A conforto di quanto sopra e, in particolare, circa la necessaria emersione dall’atto in sede di controllo automatizzato della autoliquidazione di eventuali errori, questa Corte (Cass. n. 15450 del 2019) in fattispecie del tutto sovrapponibile alla presente, ha osservato che la “stessa amministrazione finanziaria (v. Circ. n. 6/E del 5 febbraio 2003, richiamata dalla Circ. n. 18/E del 29 maggio 2013) invita gli uffici – pur nella necessaria considerazione contenutistica e sostanziale dell’atto – a riscontrare soltanto gli errori e le omissioni che siano oggettivi, univoci ed immediatamente desumibili dall’atto stesso; dunque, “senza sconfinare, in questa fase riservata al controllo dell’imposta principale, in delicate valutazioni o apprezzamenti sulla reale portata degli atti registrati o, comunque, pervenire a conclusioni sorrette da interpretazioni non univoche o che necessitino di qualsiasi attività istruttoria”.

Il richiamato precedente di questa Corte ha, poi, affermato il seguente principio “In tema di imposta ipotecaria e di registro, in base al combinato disposto del D.P.R. n. 131 del 1986, artt. 42 e 57 e D.Lgs. n. 463 del 1997, art. 3-ter, anche in caso di registrazione con procedura telematica, il notaio risponde in via solidale con i contraenti, e salvo rivalsa, unicamente per l’imposta principale, tale dovendosi considerare quella risultante dal controllo dell’autoliquidazione ovvero da elementi desumibili dall’atto con immediatezza e senza necessità di accertamenti fattuali o extra testuali, nè di valutazioni giuridico-interpretative. (Nella specie, la S.C. ha accolto nel merito il ricorso di un notaio contro un avviso di liquidazione che aveva assoggettato ad imposta proporzionale, anzichè fissa, un atto costitutivo di “trust” autodichiarato, nel rilievo che la sussumibilità di tale negozio come atto traslativo dipendesse da valutazioni giuridico-interpretative dell’Ufficio, sicchè la maggiore imposta che ne era scaturita era qualificabile come complementare, al cui pagamento il notaio non era obbligato quale responsabile d’imposta)”.

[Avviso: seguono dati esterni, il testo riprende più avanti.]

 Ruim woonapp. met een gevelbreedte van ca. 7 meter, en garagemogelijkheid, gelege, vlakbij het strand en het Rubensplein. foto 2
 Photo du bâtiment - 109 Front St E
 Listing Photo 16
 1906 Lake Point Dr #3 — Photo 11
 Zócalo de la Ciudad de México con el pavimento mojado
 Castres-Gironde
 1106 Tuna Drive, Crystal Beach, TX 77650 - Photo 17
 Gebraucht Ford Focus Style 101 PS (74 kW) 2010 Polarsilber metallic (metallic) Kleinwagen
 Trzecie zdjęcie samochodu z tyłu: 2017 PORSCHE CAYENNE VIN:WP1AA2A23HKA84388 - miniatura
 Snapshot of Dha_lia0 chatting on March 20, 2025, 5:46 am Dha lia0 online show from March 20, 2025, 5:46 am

In applicazione di tale principio al caso di specie, risulta come la Commissione Tributaria Regionale non abbia tenuto in debito conto – ed in ciò si concreta la lamentata violazione di legge – che l’imposta dedotta in giudizio non aveva natura principale (nemmeno ‘postumà), bensì complementare così da esulare in radice, come detto, dalla responsabilità solidale del notaio.

Essa, infatti, non derivava infatti da “elementi desumibili dall’atto” e, in quanto tali, dotati di immediata evidenza ed univoca lettura, quanto piuttosto da una valutazione giuridica di inquadramento dell’istituto del trust e del vincolo di destinazione patrimoniale da esso stabilito; inquadramento (come noto, tuttora tra i più controversi in dottrina e giurisprudenza) a sua volta dirimente in ordine alla affermata assoggettabilità del trust al regime tributario proprio dei trasferimenti di ricchezza.

Consegue da quanto sopra che seppure il notaio ricorrente non ha contestato l’applicabilità al trust in oggetto dell’imposta proporzionale di trasferimento, ma soltanto la natura ‘principalè dell’imposta richiestagli, l’avviso di liquidazione integrativa da lui opposto risulta effettivamente illegittimo; e ciò per il solo fatto che esso miri a far valere un’ipotesi di responsabilità solidale del notaio al di fuori dei casi consentiti.

3. Non essendo necessari ulteriori accertamenti di fatto, sussistono i presupposti per la decisione nel merito, ex art. 384 c.p.c., mediante accoglimento del ricorso introduttivo del giudizio.

4. Le spese di lite dell’intero procedimento vengono compensate, in ragione della non sempre lineare evoluzione normativa ed interpretativa in materia.

P.Q.M.

La Corte:

– Accoglie il ricorso;

– Cassa la sentenza impugnata e decidendo nel merito ex art. 384 c.p.c., accoglie l’originario ricorso del contribuente;

Compensa le spese dell’intero giudizio.

Così deciso in Roma, nella camera di consiglio, il 6 novembre 2020, mediante collegamento da remoto, ai sensi del D.L. 28 ottobre 2020, n. 137, art. 23, comma 9, in corso di conversione in legge, con le modalità stabilite dal decreto reso dal Direttore Generale dei Servizi Informativi ed Automatizzati del Ministero della Giustizia, il 2 novembre 2020.